Grant was married to writer and producer Brian Reilly until his death in 2011.

== Filmography ==
===Film===

| Year | Title | Director | Writer |
|---|---|---|---|
| 1978 | Slow Dancing in the Big City | No | Yes |
| 1984 | Misunderstood | No | Yes |
| 2005 | Life of the Party | Yes | Yes |
| 2009 | Love Hurts | Yes | Yes |

Acting roles

| Year | Title | Role |
| 1972 | Daughters of Satan | Chris Robertson |
| It Ain't Easy | Ann |
| 1976 | Mother, Jugs & Speed | Miss Crocker |
| 1978 | Slow Dancing in the Big City | Mildred |

===Television===

| Year | Title | Director | Writer | Notes |
|---|---|---|---|---|
| 1978 | Special Treat | Yes | Yes | Episode "The Tap Dance Kid" |
| 1987 | CBS Summer Playhouse | No | Yes | Episode "Mabel and Max" |
| 1989 | Dirty Dancing | Yes | No | Episode "Hit the Road" |
| 1990 | The Earth Day Special | No | Yes | TV special |
| 1991 | CBS Schoolbreak Special | Yes | Yes | Episode "Lies of the Heart" |
| 1992 | Freshman Dorm | No | Yes | Episode "The Last Sonnet" |
| 1994 | Living Single | No | Yes | Episode "U.N.I.T.Y. (a.k.a.

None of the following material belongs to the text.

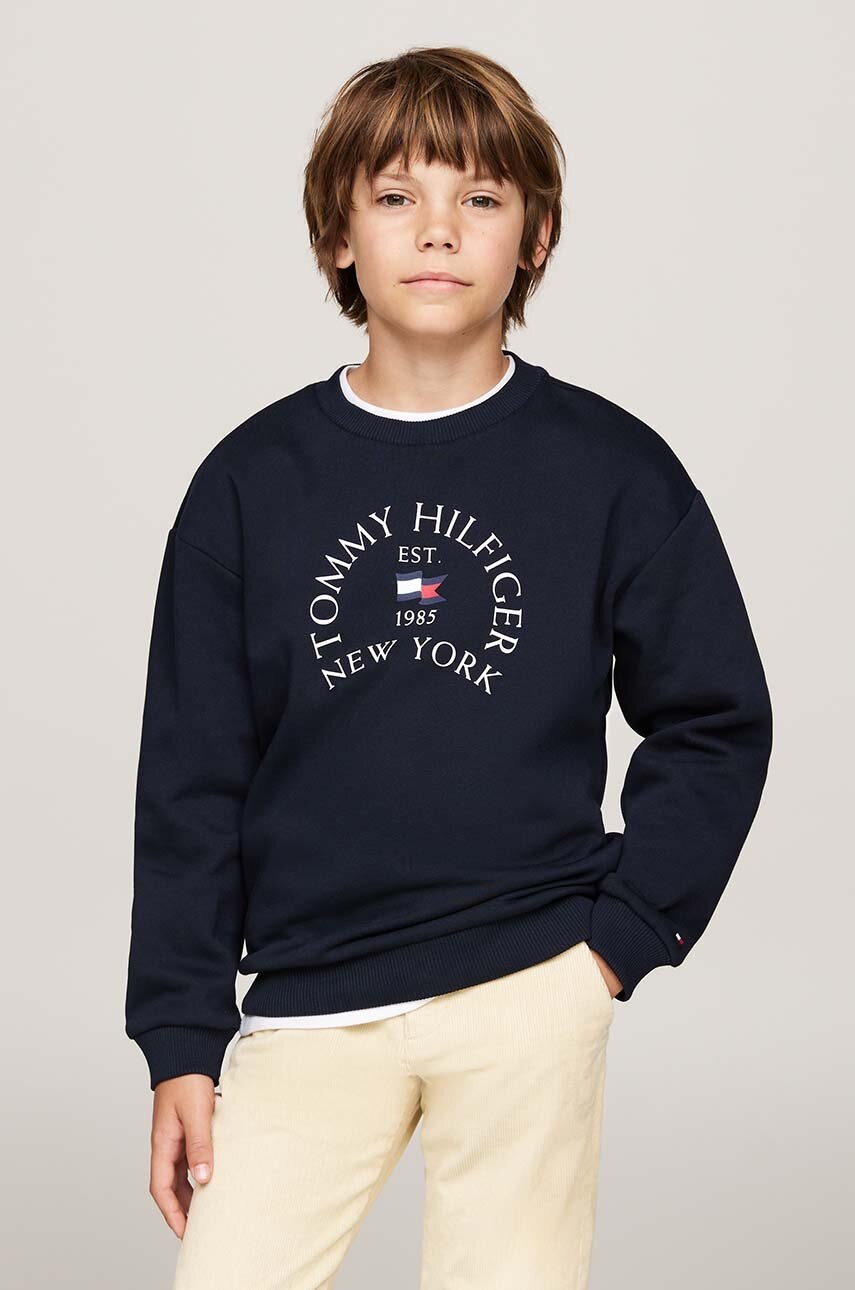 

Детски суичър Tommy Hilfiger в тъмносиньо с принт KB0KB09192, Тъмносин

Five Card Stud)"; Also executive consultant of 7 episodes |

Acting roles

Year: Title; Role; Notes
1971: Take Three Girls; Lulie; Main role
Sarge: Christina; "A Terminal Case of Vengeance"
1972: The Mary Tyler Moore Show; Judy Conrad; "The Courtship of Mary's Father's Daughter"
1973: The Bold Ones: The New Doctors; Eve Tanner; "Tightrope to Tomorrow"
Love, American Style: Boni; "Love and the Baby Derby"
Gunsmoke: Teresa; "The Widowmaker"
Barnaby Jones: Marie Hubble; "Stand-In for Death"
1974: Trapped Beneath the Sea; Grace Wallants; TV film
Roll, Freddy, Roll!: Sidni Kane
1975: Let's Switch!; Morgan Ames
1976: Good Heavens; Kiki; "Coffee, Tea, or Gloria"
Serpico: Marilyn; "The Country Boy"
1977: The Sunshine Boys; Sylvia Grant; TV film
1978: Sergeant Matlovich vs. the U.S. Air Force; Susan Hewman

==Stage plays==
- A Mother, a Daughter and a Gun (2006).
- Miss America's Ugly Daughter, about her relationship to her mother, first performed on July 14, 2018, at The Edye, Santa Monica, California.